Бисмарк вполне искренне испытывал отвращение к ужасам войны. «Не думайте, что мне нравится война, сказал он американскому собеседнику. — Я достаточно знаю ее, чтобы испытывать отвращение. Ужасные картины, которые я видел собственными глазами, никогда не покинут меня. Я никогда не соглашусь на войну, которой удастся избежать, и уж тем более не стану провоцировать такую войну»[482]. Казалось бы, поведение канцлера в ходе Люксембургского кризиса подтверждало эти слова: имея возможность спровоцировать столкновение с Францией, популярное у немецкой общественности и с неплохими военными шансами на успех, он выбрал сохранение мира.
Однако ключевую роль в данном случае играли политические соображения. На состоявшемся 29 апреля Коронном совете Мольтке настаивал на проведении мобилизации армии, заявляя, что Франция сейчас слаба и победа может быть куплена недорогой ценой. Однако Бисмарк выступил против; он считал, что момент для схватки еще не наступил. Зондаж, предпринятый по дипломатическим каналам, убедил его: ни одно государство, включая южногерманские монархии, не отнесется благосклонно к развязыванию Пруссией новой войны. В итоге в начале мая конференция представителей великих держав в Лондоне в течение нескольких дней урегулировала спорный вопрос. Прусские войска выводились из герцогства, взамен его нейтралитет гарантировался всеми участниками мероприятия.
Зачем же, в таком случае, Бисмарку изначально потребовалось подбрасывать дрова в костер кризиса, рискуя утратить контроль над ситуацией? На этот вопрос может быть несколько вариантов ответа. Возможно, канцлер стремился прозондировать почву на международной арене. Что не менее вероятно, кризис должен был способствовать скорейшему и как можно более гладкому принятию конституции, которая как раз в это время обсуждалась в Северогерманском рейхстаге. Вообще говоря, внутренняя политика являлась причиной многих дипломатических маневров Бисмарка в гораздо большей степени, чем это обычно принято считать.

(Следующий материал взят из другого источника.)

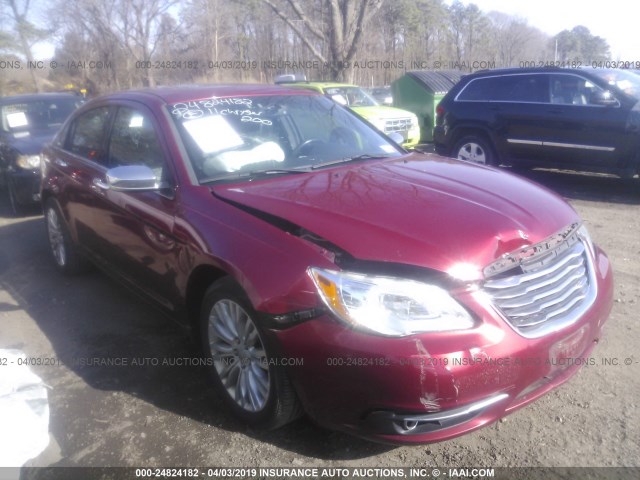 1C3BC2FBXBN601091 - 2011 CHRYSLER 200 LIMITED RED photo 1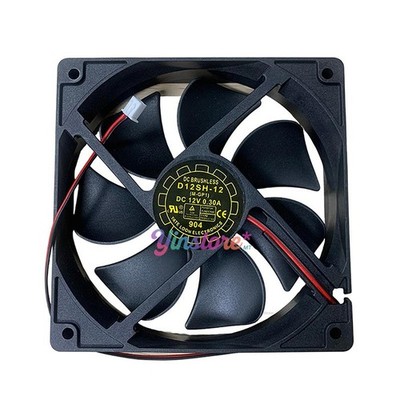 1 pc. New D12SH-12 Chassis Cooling Fan 12025 DC12V 0.30A 12CM 2Pin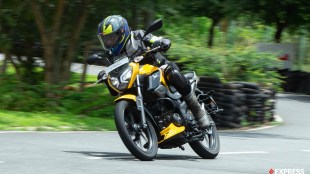 TVS Raider 125 riding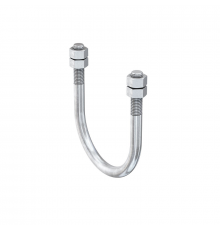 Скоба монтажная U образная FISCHER (ФИШЕР) FMPSU 200 в комплекте с гайками для крепления тяжелых трубопроводов (горячеоцинкованная сталь), M20x228 мм (8&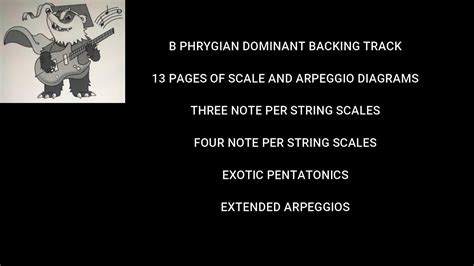 B Phrygian Dominant Metal Prog Rock Backing Track Youtube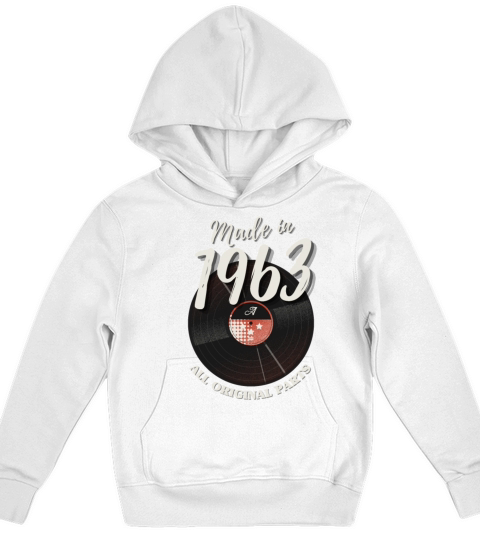 60 Years Vintage 1963 Retro 60th Birthday Kids Hoodie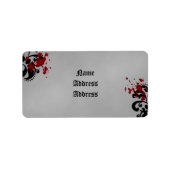 Étiquette Damask Halloween mariage (Devant)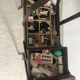 Vintage wood worker with sewing kit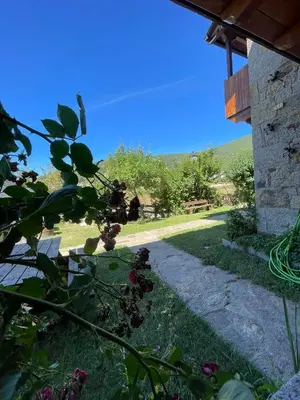a view from the garden of a house at El Mirador de Sanabria in Galende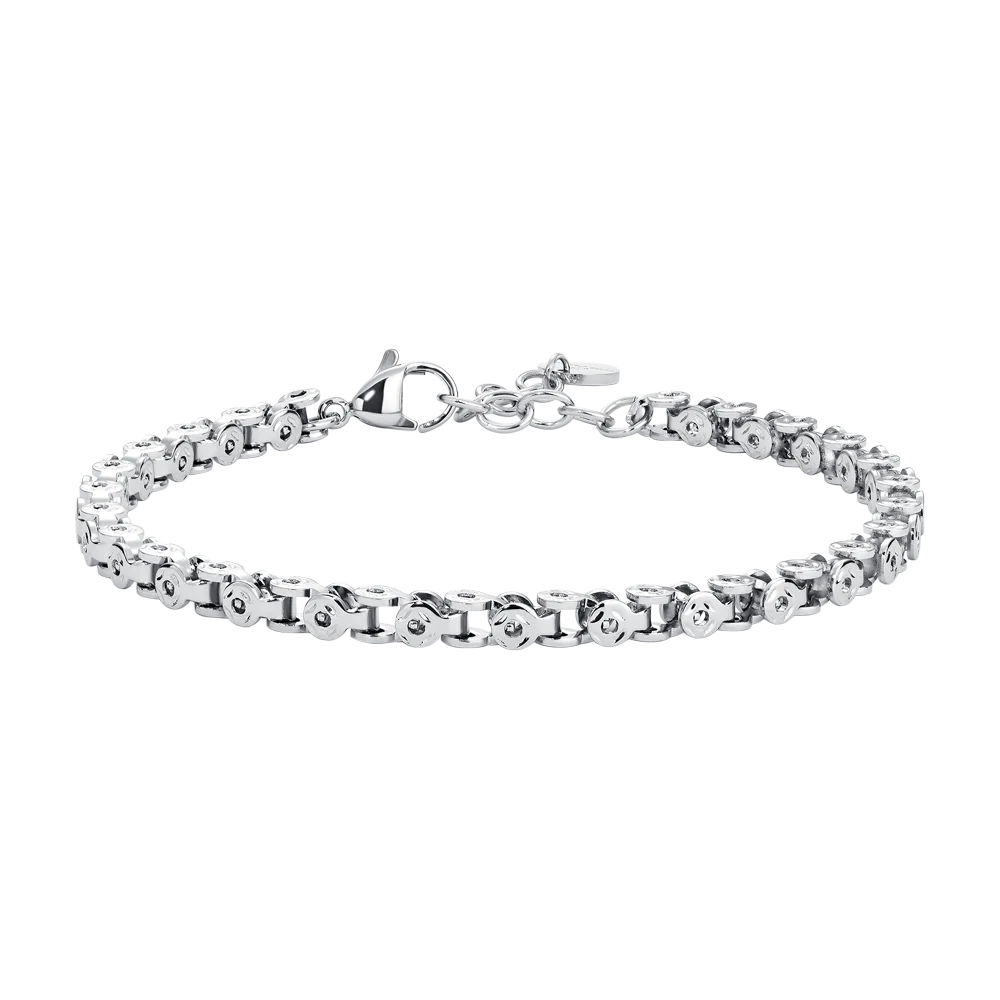 Bracciale Uomo Luca Barra Acciaio Catena Bici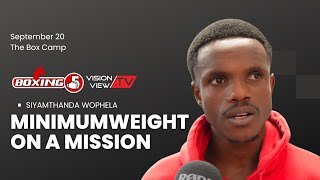 Siyamthanda Wophela ready to face the experienced Thabo Moabi  Boxing 5 Promotions [upl. by Yolande]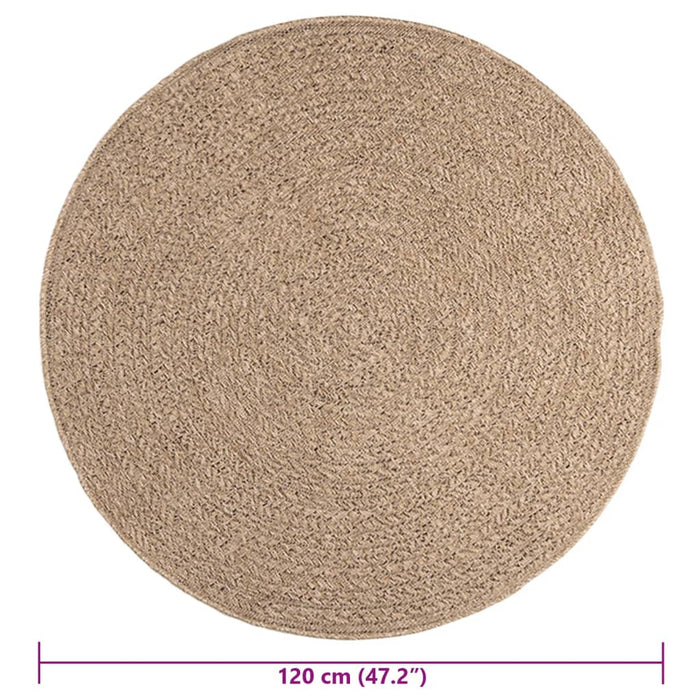 Covor ZIZUR, aspect iută, 120 cm, pentru interior și exterior WALTI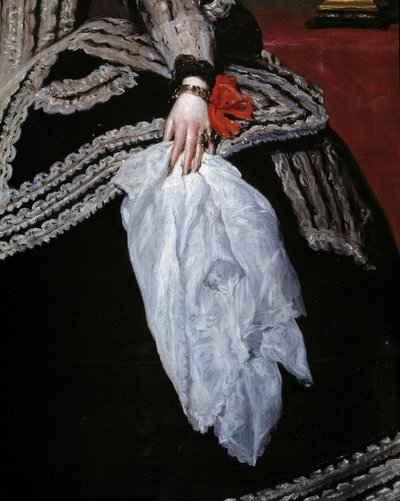 El ve eşarp Avusturya Kraliçesi Mary Anne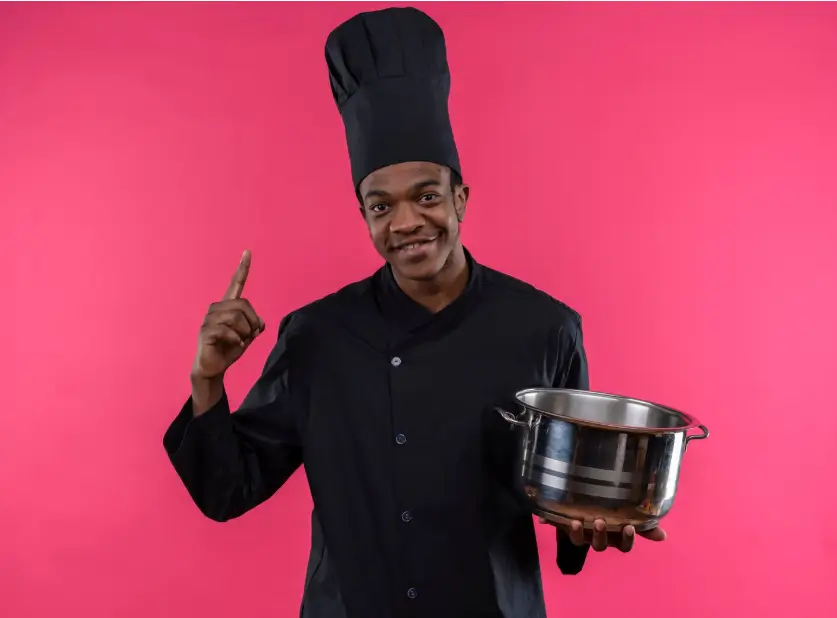 Chef John Cannavale in the kitchen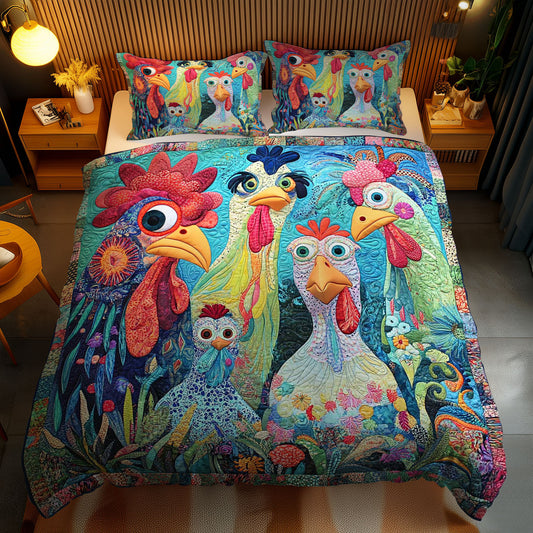 Wacky Chicken Funny WN2502081CL Duvet Cover Set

Стороны постарались как можно быстрее замять спор. Уже через месяц после окончания работы Лондонской конференции Наполеон III гостеприимно принимал на Всемирной выставке в Париже представительную прусскую делегацию. В ее состав входили три «первых лица» прусского государства: Вильгельм I, Бисмарк и Мольтке. Император французов стремился продемонстрировать гостям, что центром мира по-прежнему остается Париж. На тот момент Наполеон III уже осознал, что рассчитывать на содействие Пруссии в деле территориального расширения франции не приходится. Мечты о сотрудничестве остались в прошлом, на смену им постепенно приходил конфронтационный курс.
Летом 1867 года Наполеон III предпринял первые шаги по заключению союзного договора с Австрией, направленного против Пруссии. К нему планировалось подключить и Италию. Однако венская дипломатия колебалась, хотя главой правительства на тот момент являлся бывший саксонский министр-президент граф Фридрих Фердинанд фон Бойст, остававшийся ярым врагом Пруссии. Бисмарк в свое время говорил о нем, что опасность, которую представляет политический противник, следует вычислять, вычитая из его способностей его тщеславие; в случае с Бойстом этот результат близок к нулю[483]. В 1867 году Франц Иосиф был вынужден пойти на реформу, предоставив восточной части своей империи широкую автономию. Австрия превратилась в дуалистическую Австро-Венгрию, что не сняло висевших на ней тяжким бременем финансовых проблем, которые надежнее любых политических соображений заставляли ее отказаться от военных авантюр.